Herewith one version of the story:
Pope Francis shakes up Vatican Bank supervisory board
Now there’s so much fuel here for our usual high octane speculation that one could have a bonfire, but, lest we invoke old inquisitional and Albigensian temptations for the Church of Rome, we’ll stick to a few basic speculations.
The background for all this musical cathedras is summarized at the end of the RT piece:
“In the middle of 2013, Pope Francis appointed a trusted friend, Monsignor Battista Ricca, to occupy the post of supervisor and appointed an independent commission of inquiry to examine the activities of the bank and its legal status. 
“His team shut down many of the suspicious accounts held in the bank and asked the Promontory Financial Group to audit the institution and bring it up to international standards.
“Pope Francis has vowed to reform the bank or close it down completely after a series of scandals that tainted the reputation of the Holy Sea and the institution responsible for its charity around the globe.
“Last July, IOR director Paolo Cipriani and deputy-director Massimo Tulli resigned, three days after the arrest of Vatican accountant Monsignor Nunzio Scarano on charges of plotting to smuggle 20 million euros ($26 million) into Italy from Switzerland.
“Dubbed “Monsignor 500″, the man is currently on trial in Rome on the smuggling charge and is also under investigation for money-laundering Vatican accounts.
“In a 2010 scandal, Italian police seized 23 million euros from an IOR account.

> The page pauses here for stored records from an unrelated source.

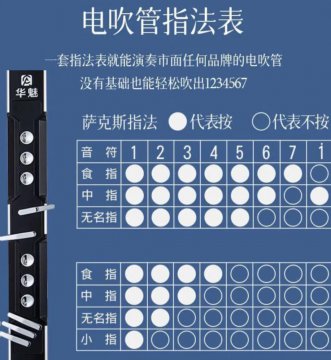 电吹管的指法图片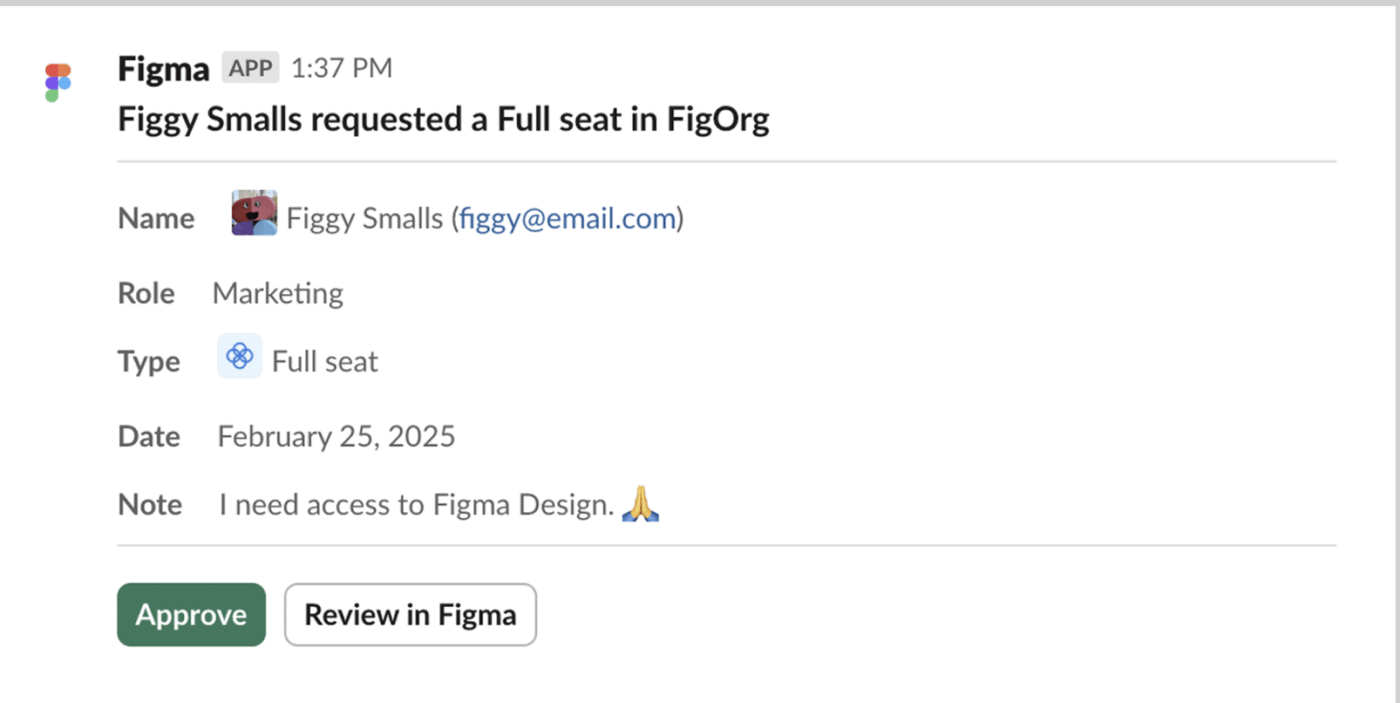 Figma Slack Integration
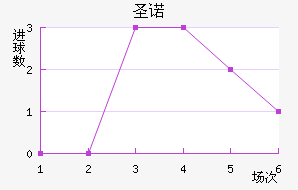 ʥŵ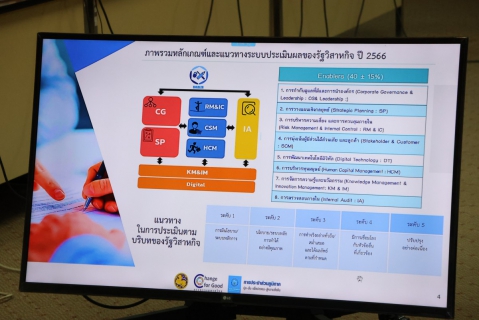 ไฟล์แนบ กปภ.ข.9 ให้การต้อนรับ นางสาวชมนาถ พรสมผล ผู้ช่วยผู้ว่าการ (ดิจิทัลและสารสนเทศ) รวมทั้งผู้บริหารและพนักงานสายงาน ผู้ช่วยผู้ว่าการ (ดิจิทัลและสารสนเทศ) ในการตรวจเยี่ยม และ สื่อสารถ่ายทอดการดำเนินงานด้านดิจิทัลและสารสนเทศ ของ กปภ. ตามแผนปฏิบัติการดิจิทัล พ.ศ.2567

At the same time authorities launched an investigation against IOR’s then-president, Gotti Tedeschi and director Paolo Cipriani for alleged money laundering from a Vatican account at an Italian bank. The money was later unfrozen and Gotti Tedeschi was exonerated as a suspect, while Cipriani hasn’t been charged.
“In 2012, JPMorgan, an American financial giant closed its IOR accounts while Deutsche Bank Italia stopped its 15-year term providing electronic payment services to the Vatican.
“In October 2013, for the first time in its 125-year history, the Vatican bank disclosed its annual financial report to the public, showing a total of 4.98 billion euros in assets and 769 million euros in equity funds.”
Now, recall a few weeks ago I blogged about the fact that the Vatican Bank had hired a prestigious accounting firm, the same firm, in fact, that is the auditor of record for Lloyds of London, and the Bank of International Settlements. So we may entertain the suspicion that these Musical Cathedra moves are perhaps the result of preliminary findings. But also note that this firm is not the firm now being mentioned in  the RT article… so, question one: are there now two firms auditing the (evidently very large) Vatican bank, or did the new one replace the previous one, and if so, why was there not more media attention to the event?
But I suspect the real story lies here:
“Pope Francis appointed four cardinals to give new blood to the five member body tasked with overseeing the reform inside the very secretive institution. The new members of the consortium are the Secretary of State, Cardinal Pietro Parolin and Francis’s close friend Cardinal Santos Abril y Castello. The other new members are Cardinal Christoph Schoenborn, Archbishop of Vienna and Cardinal Thomas Collins, Archbishop of Toronto. The one holdover was French Cardinal Jean-Louis Tauran.”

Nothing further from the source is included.